I usually don’t start my projects by saying, “Wow, I would really love to build an end table!” No, instead, I usually buy three or four end tables and realize nothing quite fits the space like I was hoping. Then I put it off for another 6 months convincing myself that I’ll find something the right size. In the end, I break down and build it myself to the exact specifications that I was convinced I would find somewhere else.
I often build out of necessity. Things are too expensive, items are made poorly from cheap materials, the lead time is too long, it’s not the right color and or not the right size. So I build. I waited for almost two years to build this table and I shouldn’t have put it off for so long.

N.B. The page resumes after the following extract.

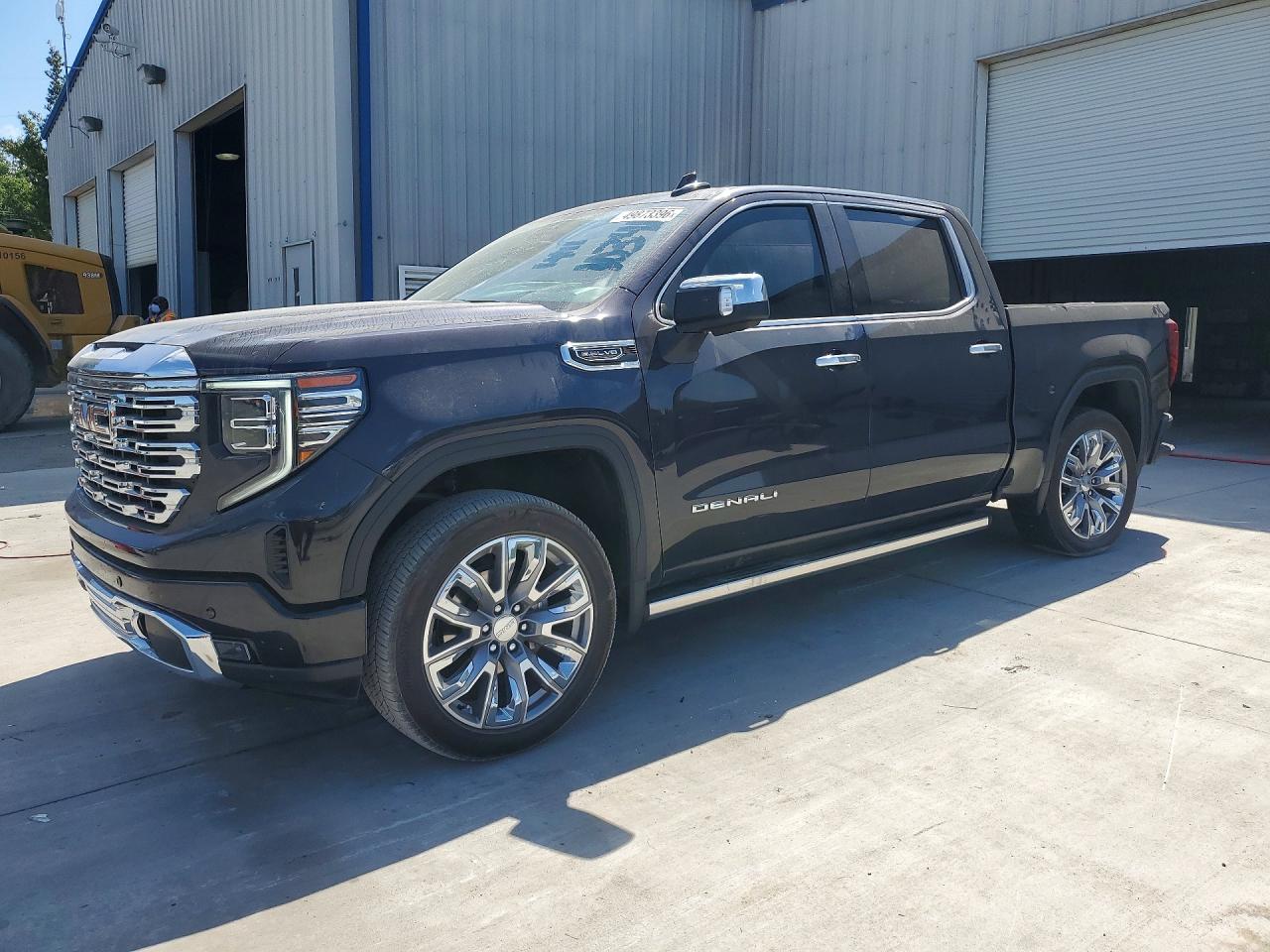 Salvage GMC Sierra Image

I purchased 4/2 white oak, so it’s nice and thick and heavy. I glued pieces together for the width I wanted my tabletop to be and traced a large circle. I originally thought I was going to cut this with a jig saw, but I thought better of it and used a router with a circular jig. This proved to be problematic as the wood was so thick and I had to make multiple passes around the circle. The bit kept having issues and getting stuck and then falling out of the router all together, gouging the wood in the process. I think I needed to take smaller passes each time I went around the circle.
It wasn’t a pretty process, but I eventually had a decent circle!
I spent a lot of time on the computer figuring out the angles I needed for my legs so my table would be a certain height (one of the major reasons for building my own table). I wasn’t overly confident I had figured it out when I started cutting but I had spent far too long drawing it out, I just needed to move forward and see if it worked. By some miracle, all the measurements and angles were accurate. Essentially I built an X and then built two 1/2 X’s to join to the X.
Stain is always tricky for me – I love some of the finishes you see in commercial pieces and I find it hard to replicate those. I loved the grain of the white oak, and I wanted to accentuate it, so I used Verathane White wash on a freshly sanded surface. Once it was dry, I sanded all the surfaces again and wiped clean. This left the wood ready for stain (a mix of weathered oak and classic gray), with white embedded in the grain.
I attached the 1/2 X’s to the solid X. This is one of those steps that I wasn’t sure how to do and so I just jumped in and quickly realized I hadn’t thought it all the way through. I ended up using glue and a screw through the 1/2 X and into the large X. I then attached the tabletop with screws (through the legs into the top) and I just about did a happy dance when I realized the table was solid and wasn’t rocking! 🙂
I used wipe on poly to finish it off. I love Rustoleum wipe on poly in satin. Home depot used to sell it, but now I can only find it at Lowes. Unlike brush poly, wipe on is forgivable. It’s doesn’t leave strokes and it dries even. It has a short re-coat time, but you do have to put a lot more coats on. Every couple coats you’re supposed to sand in-between coats. And I typically do my final coats using a wet sand paper. Its as if you’re using the wet sand paper as your rag to apply. It leaves a smooth flawless finish.
And there she sits. She is heavy, solid oak…and beautiful.